* Entries taken from a collection
------------
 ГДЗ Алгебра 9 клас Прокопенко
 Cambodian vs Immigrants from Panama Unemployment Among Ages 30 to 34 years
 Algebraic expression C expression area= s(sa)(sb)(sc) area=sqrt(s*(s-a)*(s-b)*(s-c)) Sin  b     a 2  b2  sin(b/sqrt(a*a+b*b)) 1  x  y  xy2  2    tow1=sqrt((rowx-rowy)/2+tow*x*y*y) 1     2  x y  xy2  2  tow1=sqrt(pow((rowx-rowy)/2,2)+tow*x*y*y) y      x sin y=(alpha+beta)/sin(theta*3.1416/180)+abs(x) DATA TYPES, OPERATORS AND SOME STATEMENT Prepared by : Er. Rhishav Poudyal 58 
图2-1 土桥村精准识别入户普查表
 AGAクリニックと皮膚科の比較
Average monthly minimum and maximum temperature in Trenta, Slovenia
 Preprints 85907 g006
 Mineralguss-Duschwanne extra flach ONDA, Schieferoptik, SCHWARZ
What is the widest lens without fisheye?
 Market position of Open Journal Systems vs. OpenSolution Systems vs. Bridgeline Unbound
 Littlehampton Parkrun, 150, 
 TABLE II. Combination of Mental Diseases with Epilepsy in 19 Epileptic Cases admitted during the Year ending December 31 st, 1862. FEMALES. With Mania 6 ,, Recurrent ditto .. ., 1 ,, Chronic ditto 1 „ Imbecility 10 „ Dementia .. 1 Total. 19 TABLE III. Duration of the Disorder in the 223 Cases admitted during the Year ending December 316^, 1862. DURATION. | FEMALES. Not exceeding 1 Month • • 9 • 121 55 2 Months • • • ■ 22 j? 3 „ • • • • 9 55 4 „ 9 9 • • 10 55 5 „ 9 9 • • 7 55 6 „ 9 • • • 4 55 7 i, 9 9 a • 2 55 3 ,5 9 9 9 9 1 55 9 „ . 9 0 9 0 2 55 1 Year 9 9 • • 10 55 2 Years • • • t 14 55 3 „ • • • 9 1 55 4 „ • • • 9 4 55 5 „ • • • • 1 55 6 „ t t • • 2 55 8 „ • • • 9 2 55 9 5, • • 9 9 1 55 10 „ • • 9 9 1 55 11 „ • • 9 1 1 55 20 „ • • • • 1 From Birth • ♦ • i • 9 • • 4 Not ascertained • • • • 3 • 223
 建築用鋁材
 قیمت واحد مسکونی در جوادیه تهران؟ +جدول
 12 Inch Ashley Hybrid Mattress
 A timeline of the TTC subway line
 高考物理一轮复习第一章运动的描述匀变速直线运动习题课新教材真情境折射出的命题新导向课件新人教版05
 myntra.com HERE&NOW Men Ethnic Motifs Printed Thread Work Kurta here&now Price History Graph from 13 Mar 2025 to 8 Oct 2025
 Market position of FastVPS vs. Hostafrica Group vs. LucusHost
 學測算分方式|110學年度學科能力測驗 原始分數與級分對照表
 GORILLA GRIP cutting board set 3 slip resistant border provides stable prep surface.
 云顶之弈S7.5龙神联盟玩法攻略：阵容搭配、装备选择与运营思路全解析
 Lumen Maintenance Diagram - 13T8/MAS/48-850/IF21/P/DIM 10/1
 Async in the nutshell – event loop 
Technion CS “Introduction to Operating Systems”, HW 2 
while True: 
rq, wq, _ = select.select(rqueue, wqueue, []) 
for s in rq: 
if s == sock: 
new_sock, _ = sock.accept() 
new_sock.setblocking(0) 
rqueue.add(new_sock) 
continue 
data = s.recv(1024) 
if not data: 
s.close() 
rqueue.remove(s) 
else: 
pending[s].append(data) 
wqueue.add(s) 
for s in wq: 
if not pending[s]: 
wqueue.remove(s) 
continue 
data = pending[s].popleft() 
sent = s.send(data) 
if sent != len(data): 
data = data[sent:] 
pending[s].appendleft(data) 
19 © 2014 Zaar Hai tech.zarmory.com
------------
* AIM OF THE TASK
Copy range, inclusive: the line holding "Algebraic expression C" to the line holding "學測算分方式|110學年度學科能力測驗 原始分數與級分對照表". Reproduce exactly those lines of the records above and no others.

* WRITTEN REPLY
 Algebraic expression C expression area= s(sa)(sb)(sc) area=sqrt(s*(s-a)*(s-b)*(s-c)) Sin  b     a 2  b2  sin(b/sqrt(a*a+b*b)) 1  x  y  xy2  2    tow1=sqrt((rowx-rowy)/2+tow*x*y*y) 1     2  x y  xy2  2  tow1=sqrt(pow((rowx-rowy)/2,2)+tow*x*y*y) y      x sin y=(alpha+beta)/sin(theta*3.1416/180)+abs(x) DATA TYPES, OPERATORS AND SOME STATEMENT Prepared by : Er. Rhishav Poudyal 58 
图2-1 土桥村精准识别入户普查表
 AGAクリニックと皮膚科の比較
Average monthly minimum and maximum temperature in Trenta, Slovenia
 Preprints 85907 g006
 Mineralguss-Duschwanne extra flach ONDA, Schieferoptik, SCHWARZ
What is the widest lens without fisheye?
 Market position of Open Journal Systems vs. OpenSolution Systems vs. Bridgeline Unbound
 Littlehampton Parkrun, 150, 
 TABLE II. Combination of Mental Diseases with Epilepsy in 19 Epileptic Cases admitted during the Year ending December 31 st, 1862. FEMALES. With Mania 6 ,, Recurrent ditto .. ., 1 ,, Chronic ditto 1 „ Imbecility 10 „ Dementia .. 1 Total. 19 TABLE III. Duration of the Disorder in the 223 Cases admitted during the Year ending December 316^, 1862. DURATION. | FEMALES. Not exceeding 1 Month • • 9 • 121 55 2 Months • • • ■ 22 j? 3 „ • • • • 9 55 4 „ 9 9 • • 10 55 5 „ 9 9 • • 7 55 6 „ 9 • • • 4 55 7 i, 9 9 a • 2 55 3 ,5 9 9 9 9 1 55 9 „ . 9 0 9 0 2 55 1 Year 9 9 • • 10 55 2 Years • • • t 14 55 3 „ • • • 9 1 55 4 „ • • • 9 4 55 5 „ • • • • 1 55 6 „ t t • • 2 55 8 „ • • • 9 2 55 9 5, • • 9 9 1 55 10 „ • • 9 9 1 55 11 „ • • 9 1 1 55 20 „ • • • • 1 From Birth • ♦ • i • 9 • • 4 Not ascertained • • • • 3 • 223
 建築用鋁材
 قیمت واحد مسکونی در جوادیه تهران؟ +جدول
 12 Inch Ashley Hybrid Mattress
 A timeline of the TTC subway line
 高考物理一轮复习第一章运动的描述匀变速直线运动习题课新教材真情境折射出的命题新导向课件新人教版05
 myntra.com HERE&NOW Men Ethnic Motifs Printed Thread Work Kurta here&now Price History Graph from 13 Mar 2025 to 8 Oct 2025
 Market position of FastVPS vs. Hostafrica Group vs. LucusHost
 學測算分方式|110學年度學科能力測驗 原始分數與級分對照表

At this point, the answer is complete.